Вызвал в коридор Токочку, рассказал о разговоре с Байдученко и Рубаном. Токочка был мрачным и качал головой.

— Я не смогу поехать. Не отпускают. Никуда. Все против, даже брат. А раньше он меня поддерживал.

— А причина?

— В такое время надо держаться вместе. Мало ли что. Словом, — сиди и не рыпайся.

— Смирился?

— А что делать? Нельзя же с ними не считаться.

В техникуме, услышав мою информацию, Пекса сказал:

— Плохо дело.
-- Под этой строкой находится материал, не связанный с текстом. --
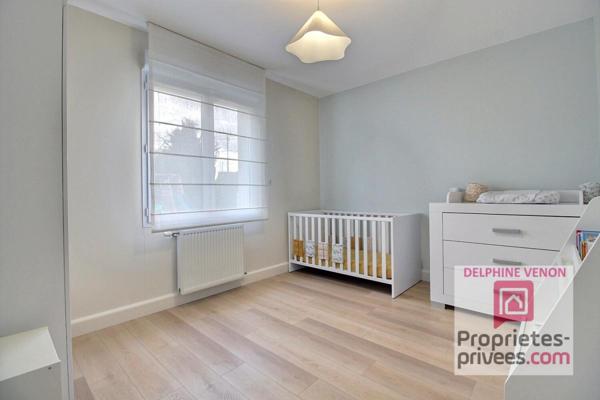 Exclusivité - Maison récente de plain pied avec 4 chambres , garage et comble aménageable sur un terrain de 1000 m² à Châteauneuf Sur Loire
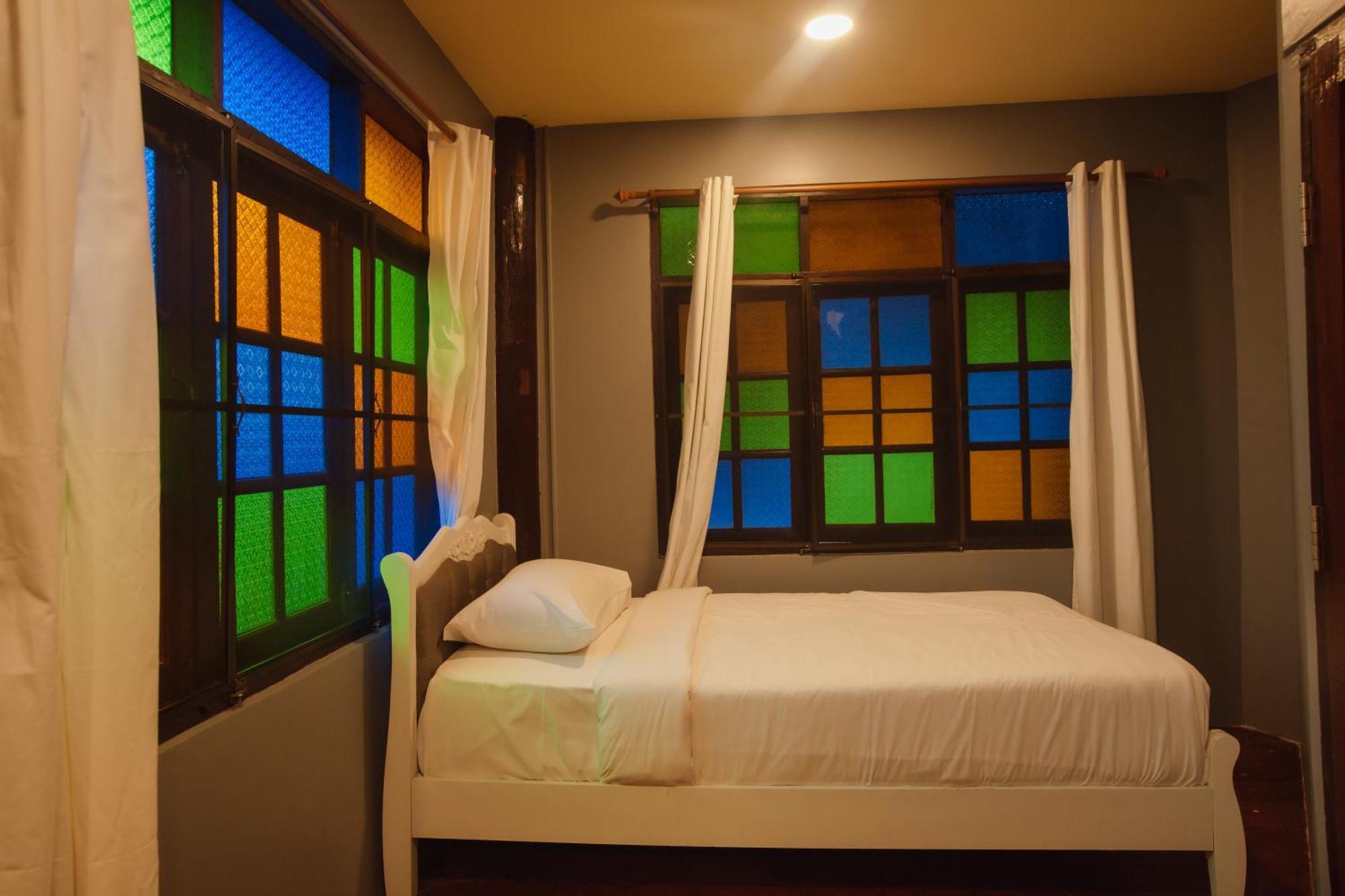 Agga Cnx Hostel Csiangmaj Kültér fotó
Нет, совет, конечно, правильный, могли бы и сами допереть. Но я-то не в ВЭО, а ты — не в моем ведомстве. Значит, и писать отдельно и ехать отдельно... Но я все равно поеду. А ты?

— Поеду. Но давай подумаем: что можно сделать, чтобы поехать вместе?

Сколько мы ни думали, с кем только ни советовались, ничего придумать не смогли. Не писать же в ВСНХ или Совнарком! Больше им делать нечего, как переписываться с нами. Из Таджикистана и то не отвечают.

Отец попросил, чтобы я показал ему мое письмо в ВЭО, а прочитав, сказал:

— Ты просишь направить на любую стройку. Можешь угодить туда, куда Макар телят не гонял, не рад будешь, что напросился. Ты сначала запроси — есть ли возможность поехать на стройку и если есть, то куда, получишь ответ — можно будет выбирать.

— А что мы знаем об этих стройках, чтобы можно было выбирать? — спросил Сережа.

— Условия, я думаю, везде одинаковые, — ответил отец. — Но хоть климат можно будет выбрать.

Никакого климата я не страшился. Но понимал, что все эти хлопоты и волнения могут оказаться напрасными, если свидетельства об окончании техникума направят по месту назначения, и сказал об этом.

— Напрасно ты так считаешь, — сказал Сережа. — Напросишься на стройку — туда и направят твое свидетельство.

— Тем более надо сначала послать запрос, — сказал отец. Запрос, так запрос. Послал запрос.